Some of the responses included:

Kasja: Photos from collections have ended up at wikipedia without permission, that never happened with Flickr, could be one reason [and] Or museums are more benevolent when it happens at Flickr, it's seen more as individuals' actions rather than an organisations'?

Nick: Flickr lets you choose CC non-commercial licenses, whereas Wikimedia Commons needs to permit potential commercial use?

Janet: Apart fr better & clear CC licence info, like Flickr Galleries that can be made by all! [and] What I implied but didn't say before: Flickr provides online space for dialogue about and with images.

Richard: Flickr is so much easier to view and search than WM. Commons, and of course easier to upload.

Twitter can be a bit of an echo chamber at times, so I wanted to ask you all the question in a more accessible place.   So, is it true that museums prefer Flickr Commons to Wikimedia Commons, and if so, why?

[Update: Liam's new blog post addresses some of the concerns raised – this responsiveness to the issues is cheering.  (You can get more background at Wikipedia:Advice for the cultural sector and Wikipedia:Conflict of interest.)

Also, for those interested in wikimedia/wikipedia* and museums, there's going to be a workshop 'for exploring and developing policies that will enable museums to better contribute to and use Wikipedia or Wikimedia Commons, and for the Wikimedia community to benefit from the expertise in museums', Wikimedia@MW2010, at Museums at the Web 2010. There's already a thread, 'Wikimedia Foundation projects and the museum community' with some comments.  I'd love to see the 'Incompatible recommendations' section of the GLAM-Wiki page discussed and expanded.

* I'm always tempted to write 'wiki*edia' where * could be 'm' or 'p', but then it sounds like South Park's plane-rium in my head.]

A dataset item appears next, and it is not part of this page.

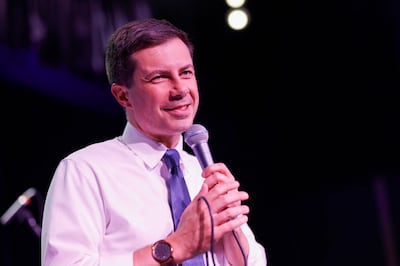 LAS VEGAS, NEVADA - 07 DE NOVIEMBRE: El Secretario de Transporte de los Estados Unidos, Pete Buttigieg, habla en un acto de campaña en The Sand Dollar Downtown el 07 de noviembre de 2022 en Las Vegas, Nevada. En la víspera del día de las elecciones, los partidarios asistieron al evento para escuchar a los candidatos demócratas de Nevada, incluyendo a la senadora estadounidense Catherine Cortez Masto (D-NV) y al gobernador de Nevada Steve Sisolak. (Foto de Anna Moneymaker/Getty Images)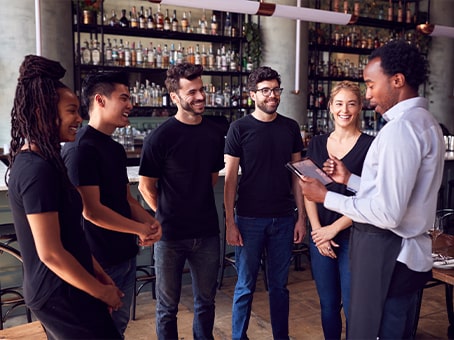 Réunion d'équipe dans un restaurant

[I should really stop updating, but I found Seb Chan's post on the Powerhouse Museum blog, Why Flickr Commons? (and why Wikimedia Commons is very different) useful, and carlstr summed up a lot of the issues neatly: "One of the reasons is that Flickr is a package (view, comment search aso). WC is a archive of photos for others to use. … I think Wikipedia/Wikimedia have potential for the museum sector, but is much more complex which can be deterrent.".]

The NPG's response to the Wikimedia kerfuffle

[Apparently responses are being listed on a Wikimedia page, which I suppose makes sense but please bear in mind this is usually read by about five people who know my flippant self in real life]

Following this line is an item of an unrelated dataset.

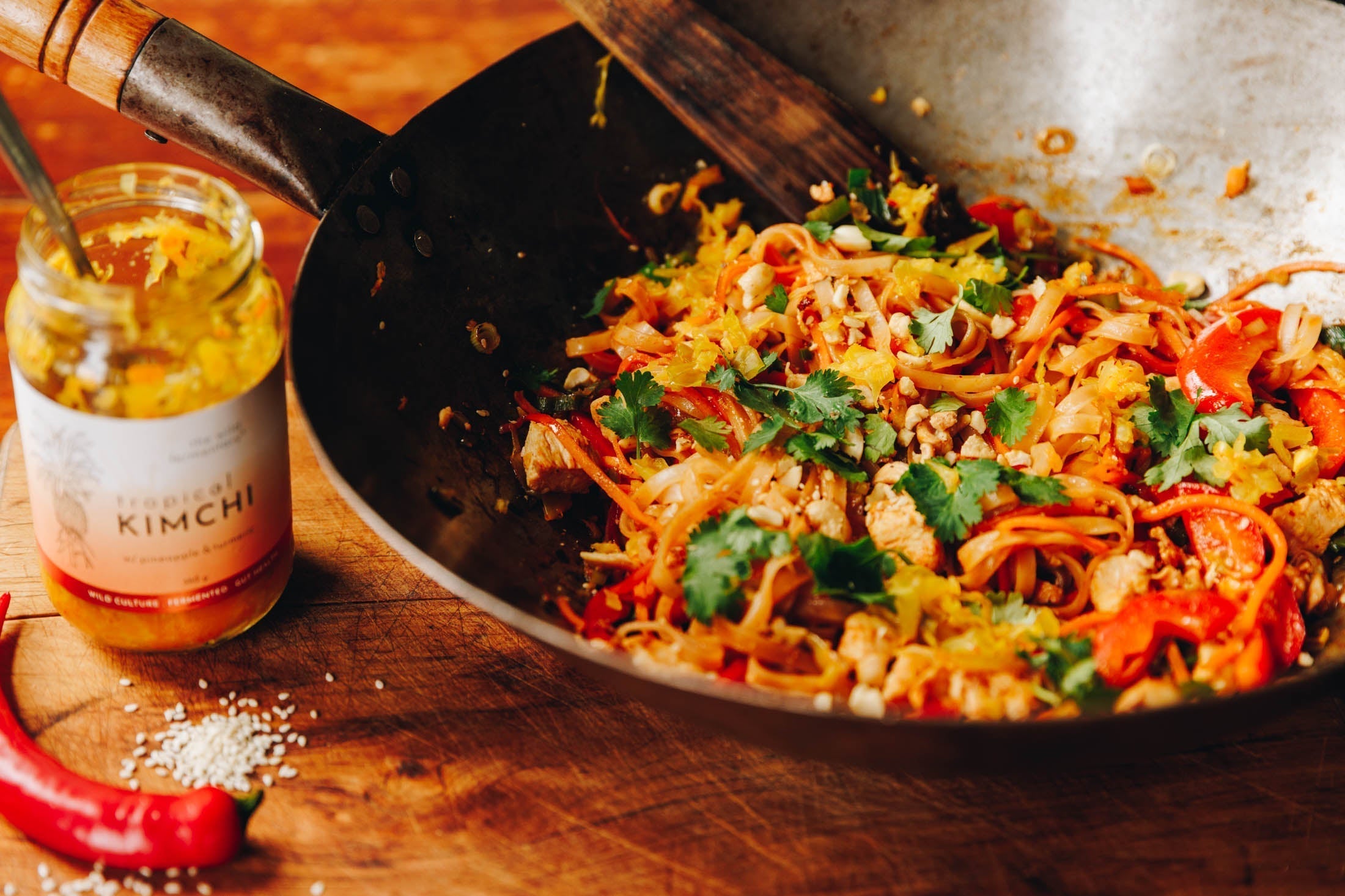TROPICAL KIMCHI NOODLE STIR FRY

I haven't been able to get the press release section of the National Portrait gallery to load, so I'm linking to an email from the NPG posted as a comment on another blog.  I'm still thinking this through, but currently the important bit, to me, is this:

The Gallery is very concerned that potential loss of licensing income from the high-resolution files threatens its ability to reinvest in its digitisation programme and so make further images available. It is one of the Gallery’s primary purposes to make as much of the Collection available as possible for the public to view.

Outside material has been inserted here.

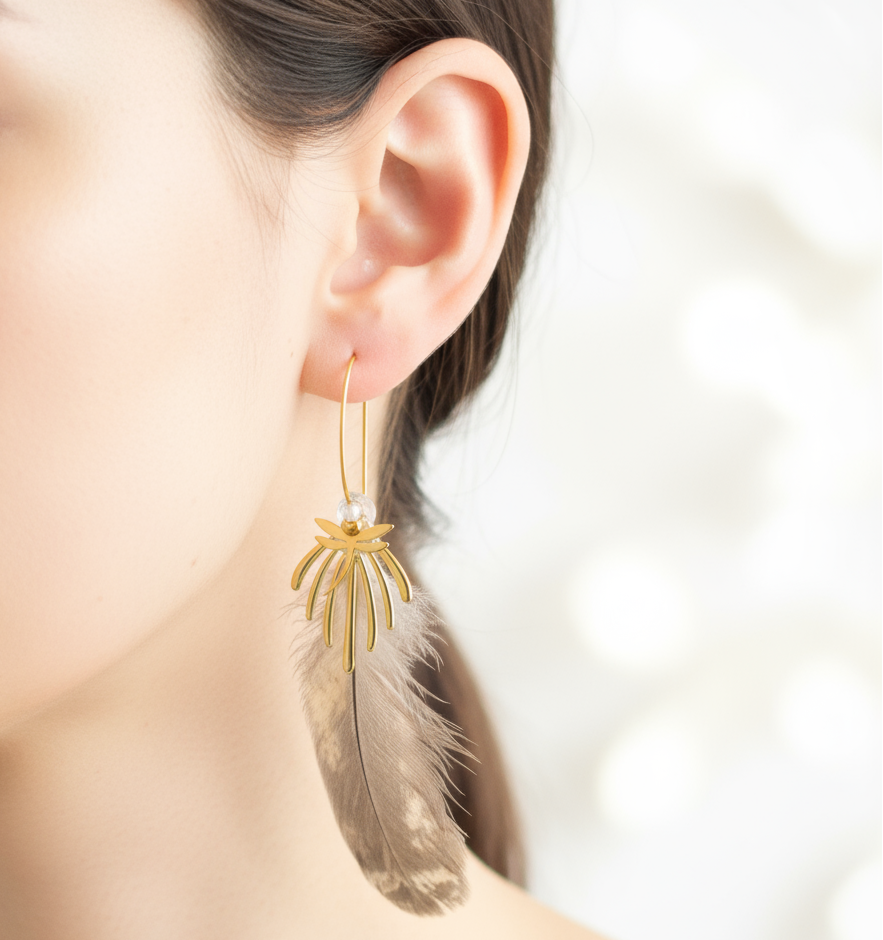 Boucles d'oreilles créoles en quartz et plume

Digitisation involves huge costs including research, cataloguing, conservation and highly-skilled photography. Images then need to be made available on the Gallery website as part of a structured and authoritative database.

Obviously, I am paid by a museum to put things online so I might be biased towards something that ultimately means my job exists – but while a government funding gap exists, someone has to pay the magical digitisation fairies. [This doesn't mean I think it's right, but the situation is not going to be changed by an adversarial relationship between WMF and the cultural heritage sector, which is why this whole thing bothers me.  Lots of good work explaining the Commons models and encouraging access is being undone.]

You can't even argue that the NPG is getting increased exposure or branding through the use of their images, as there's a big question over whether images hosted on Wikimedia are being incorrectly given new attribution and rights statements.  Check the comment about the image on this blog post, and the Wikipedia statement from Wikimedia about the image and the original image page.  

To use a pub analogy, is Wikimedia the bad mate who shouts other people a round on your tab?